Biden abortion ad marks a campaign shift to emphasize reproductive rights

Biden’s reelection campaign launched a new campaign ad on Sunday, signaling a shift in emphasis to reproductive rights that the White House hopes Democrats will implement and define during the 2024 election cycle.

The campaign ad, titled Forcedis intended to directly link Donald Trump to the abortion issue, nearly 18 months after his Supreme Court nominees helped overturn a constitutional right to abortion enshrined in Roe v Wade that would have turned 51 this week.

Dr. Austin Dennard, a Texas gynecologist and mother of three, tells the camera her story about traveling from her state to terminate her pregnancy after learning her fetus had a fatal condition. She called her situation “every woman’s worst nightmare”.

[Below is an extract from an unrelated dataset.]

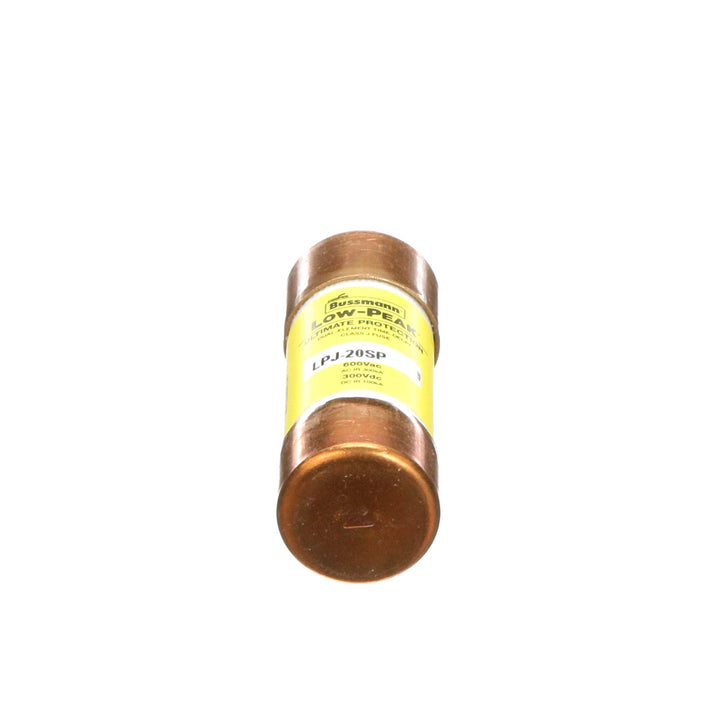 Bussmann LPJ-20SP - Class J Fuse 20A (300kA AIC @600V)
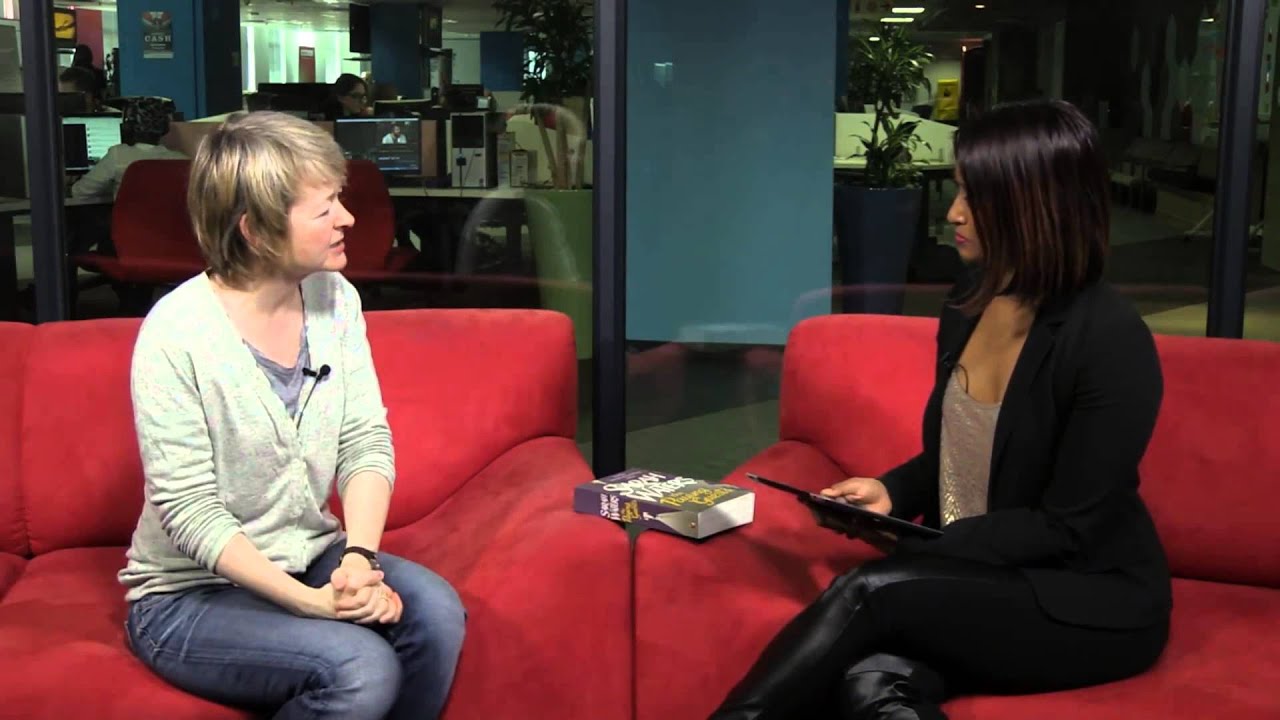 Sarah Waters her writing process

In Texas, she said, her choice was “completely taken away and that’s because Donald Trump overturned Roe v Wade.”

The launch of the ad comes as anti-abortion activists descended on Washington DC this weekend. At one event, the National Pro-Life Summit, activists came to celebrate anti-abortion activism in the US. At another, the March for Life, protesters called for advocacy against abortion rights.

Vice President Kamala Harris is now being pushed to the forefront of the administration’s messaging on reproductive rights, a position Biden says he doesn’t consider “great” because of his Catholic faith, though he believes the historic 1973 decision was “the right call taken’. .

On Monday, Harris will embark on a nationwide tour to draw attention to the administration’s efforts to protect women’s right to choose. Her tour begins in Wisconsin, where abortion rights delivered a Democratic victory in a key election for the state Supreme Court.

A statement from Harris’ office said the vice president will “highlight the harm caused by extreme abortion bans and share stories of those affected in Wisconsin and across the country.”

“She will also hold extremists accountable for proposing a national abortion ban, call on Congress to restore Roe’s protections and outline steps the administration is taking to protect access to health care,” the statement said.

Democrats hope to emphasize this year that a second Trump presidency would mean new personal health restrictions.

“Donald Trump is the reason more than 1 in 3 American women of childbearing age do not have the freedom to make their own health care decisions. Now he and MAGA Republicans are racing to go even further as they retake the White House,” said Julie Chavez Rodriguez, Biden-Harris 2024 campaign manager, said in a statement to The Hill.

On Sunday, Michigan Governor Gretchen Whitmer told CBS Face the Nation that “it would be good” if Biden talked about abortion more than he did. “I know that one of the tenets of his belief system is that women, and only women with their families and health care professionals, are the ones who know which decision is right for them.”

Asked whether the president should take that message more forcefully, Whitmer said: “I don’t think it would hurt. “I think people want to know that this is a president who fights…but maybe it would be helpful to use more blunt language.”